I have personally been involved in two of these deals, when I was young, foolish and greedy, but they both just fizzled out. I have never heard of any of these type deals actually happening. I could never figure out the scam. It surely has something to do with paperwork, money up front, sleight of hand, or ??? I do feel that, once they see that you're doing things right, in a way to totally cover your butt, they will just disappear. That's been my experience.



> 3.) If one were to go physically to impoverished mining regions of the world would it be possible to negotiate purchases along these prices directly from the mines or miners? Hvae you heard of anyone other than Theodore Rhodes doing this?



In most of these third world gold producing countries, there are individuals that work the slag piles and dig a bit on their own. In some countries, maybe 10% of the total gold is in the hands of these individuals. You could probably buy cheap (probably more than 65%, though) from them but, getting the gold out of the country might be a big problem. Also, you'll have to pay cash and carrying cash could be very dangerous in gold country.

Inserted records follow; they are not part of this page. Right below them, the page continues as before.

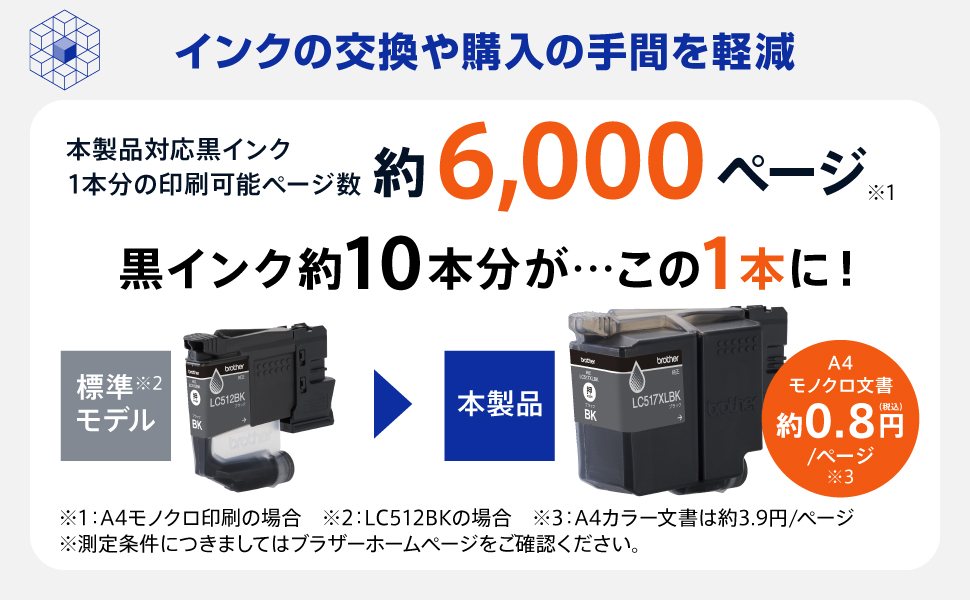 �C���N�̌�����w���̎�Ԃ��y��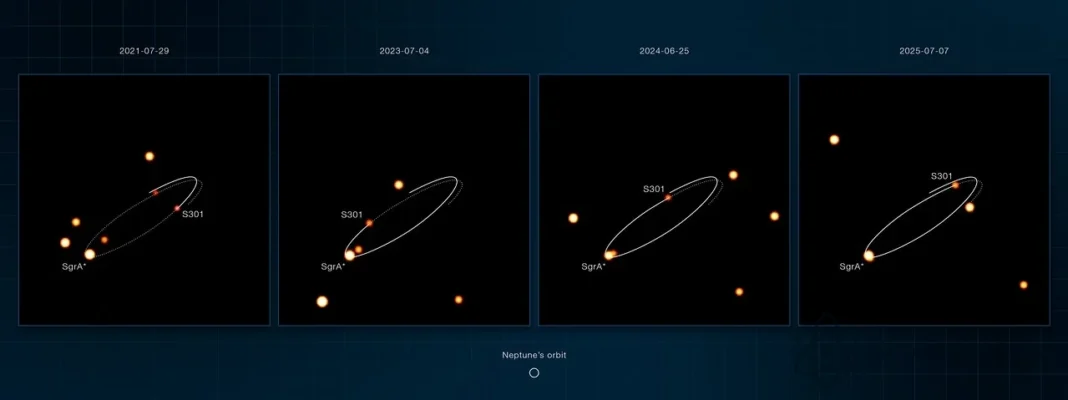 S301 : l’étoile qui passe assez près de Sagittarius A* pour tester sa rotation S301 : l’étoile qui passe assez près de Sagittarius A* pour tester sa rotation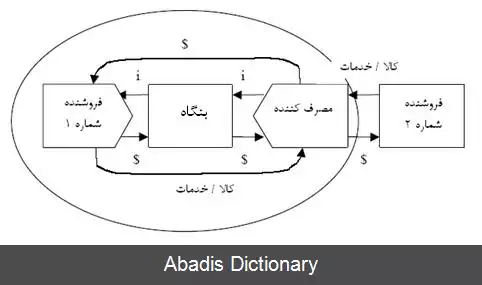 عکس دلالی بازدید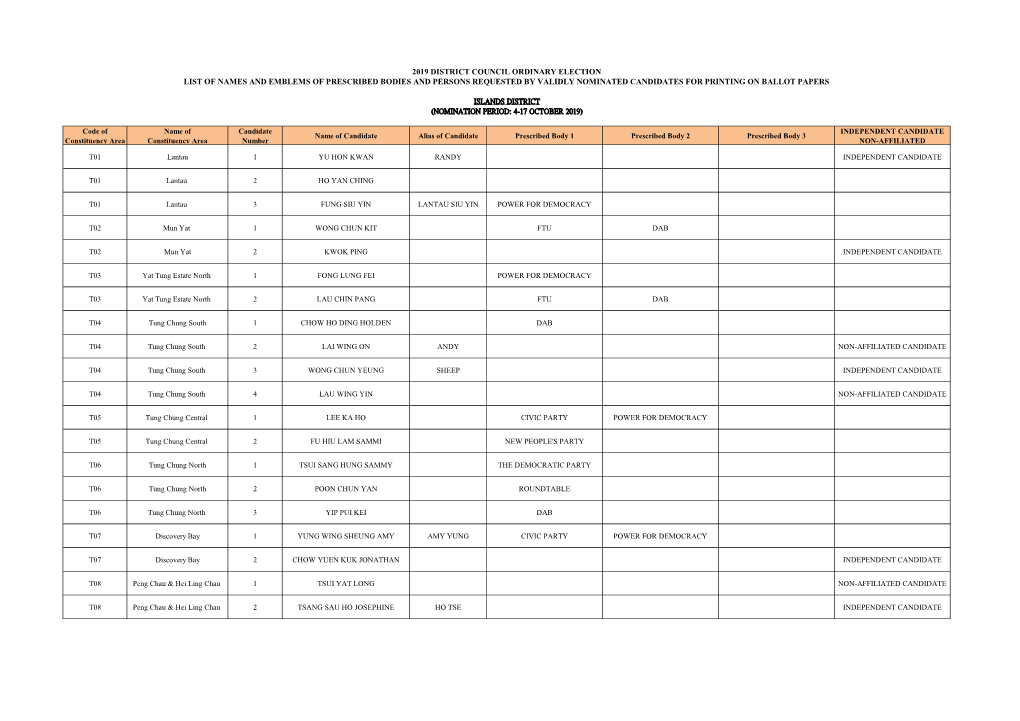 2019 District Council Ordinary Election List Of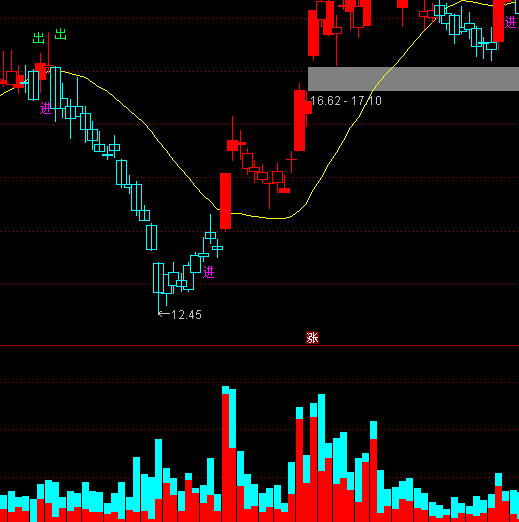 ͨ�_(d��)�ųɽ����ȶ��ָ��(bi��o)��ʽ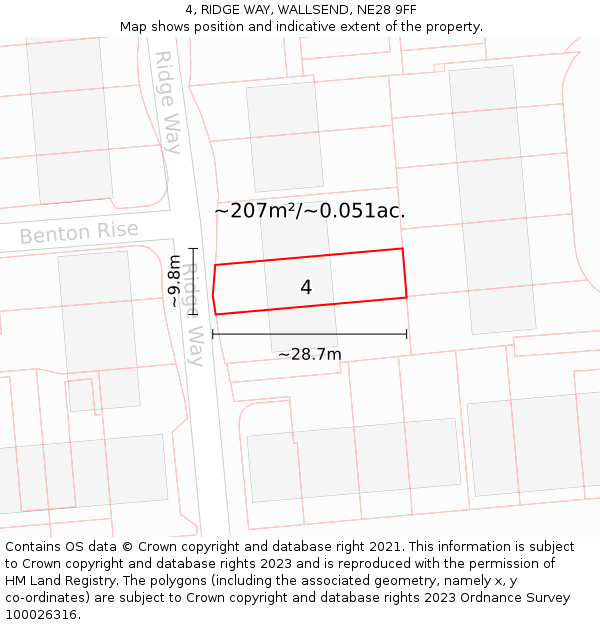 4, RIDGE WAY, WALLSEND, NE28 9FF: Plot and title map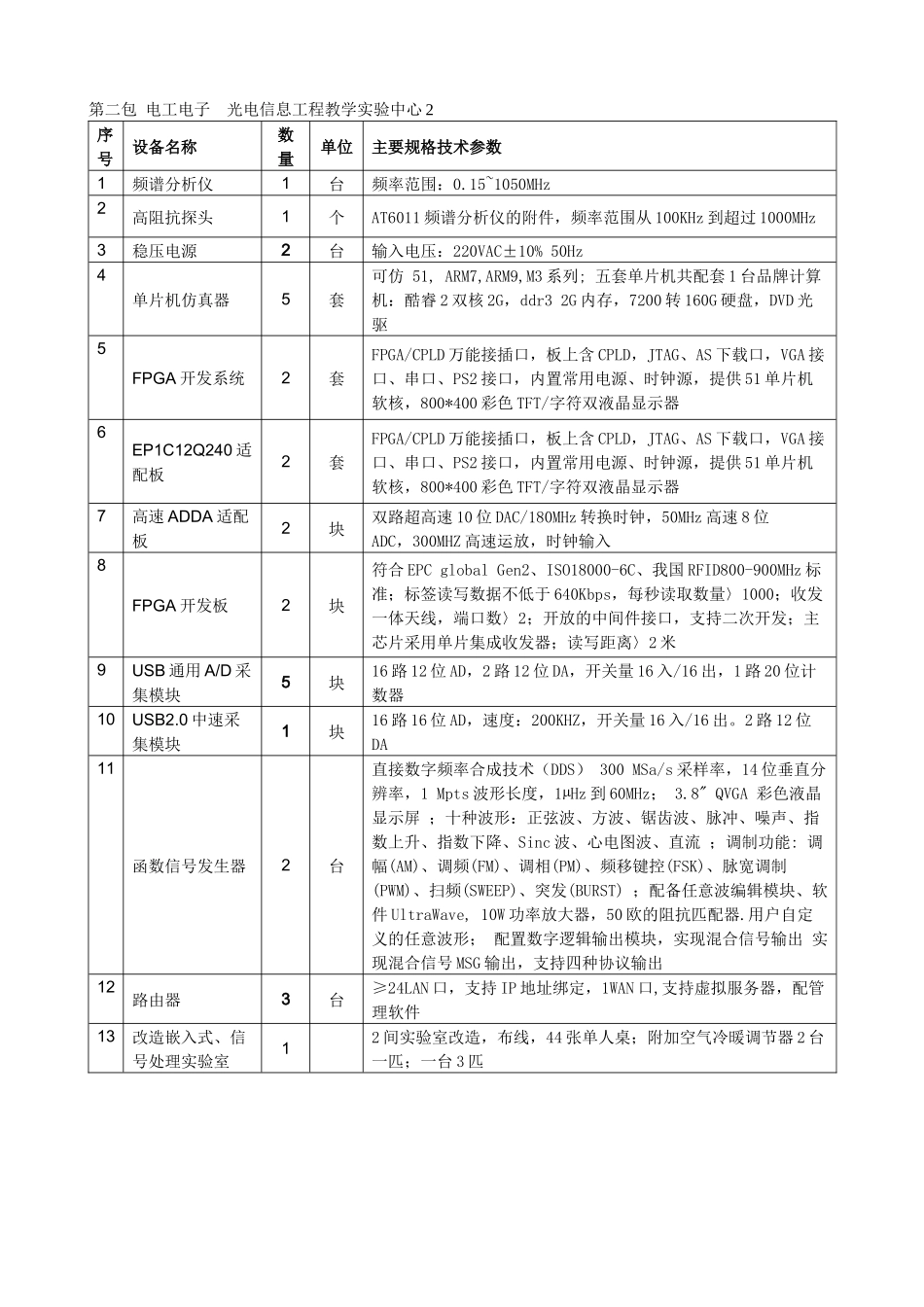 第一包电子电工(预算33_第3页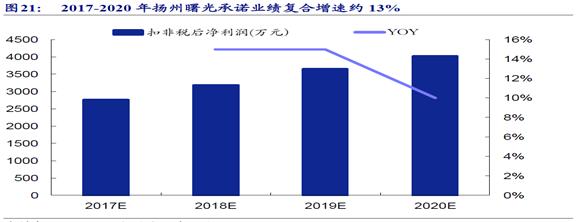 从中国制造走向中国智造感悟,从中国制造到中国智造的体会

About 30 years ago, a big mining company in Alaska wanted to hire me and helicopter me into mining camps, along with armed guards, to buy gold for cash. I said Thanks but No Thanks. 

In my experience, buying large quantities of good gold anywhere, for anywhere near 65% of spot, is a dream. I know that I come across as pessimistic but, after 40 years in the business, I have learned to always first think of all the negatives and then work backwards. Gold attracts crooks, maybe more than in any other industry that I can think of.

A problem with these deals is, when you get slightly hooked (as you are), it always wastes a lot of time, effort, brainwork, and usually money, just to try and figure out what's going on and, if you decide to go ahead, to try and plan for all of the possible bad things that can happen.


----------



## Anonymous (Oct 6, 2007)

Thank you all for continuing to educate me. :lol: 

I am young enough (and unmarried enough) to still find the idea of venturing to a foreign country with armed guards slightly appealing. This is not out of the question for me.

On the other hand - I am going to send this 'seller' I have been speaking of a LOI and BG and begin contract negotiations. I will continue to post the events and documents as attachments for all of you to see and comment upon as things progress, so that, at least, you can maybe tap me on the shoulder when you see the scam part coming. :shock: 

Thank you again and I will keep you updated.

Luck! - Chris


----------



## Noxx (Oct 6, 2007)

[email protected] said:


> I am young enough (and unmarried enough) to still find the idea of venturing to a foreign country with armed guards slightly appealing.



You can't be younger than me lol.


----------



## Anonymous (Oct 6, 2007)

Thanks again - how old are you Noxx?


----------



## goldsilverpro (Oct 6, 2007)

Whatever.


----------



## aflacglobal (Oct 8, 2007)

Ask him why he is not listed here >>> http://www.sunbiz.org/corioff.html
I would think With all that money and resources he would need a corp. shield to protect his assets from personal liability. I notice he has a business license. Hell i can get one of these for $ 100.00. Is that the best he can do ? Moving money in and out of the country ? Does he have a AML program ? If so who is responsible for administering it ? Tell him under your AML program guidelines you will need his fed tax ID #. If he doesn’t have one than he is required to show his personal ID with all pertinent information which must be recorded and logged.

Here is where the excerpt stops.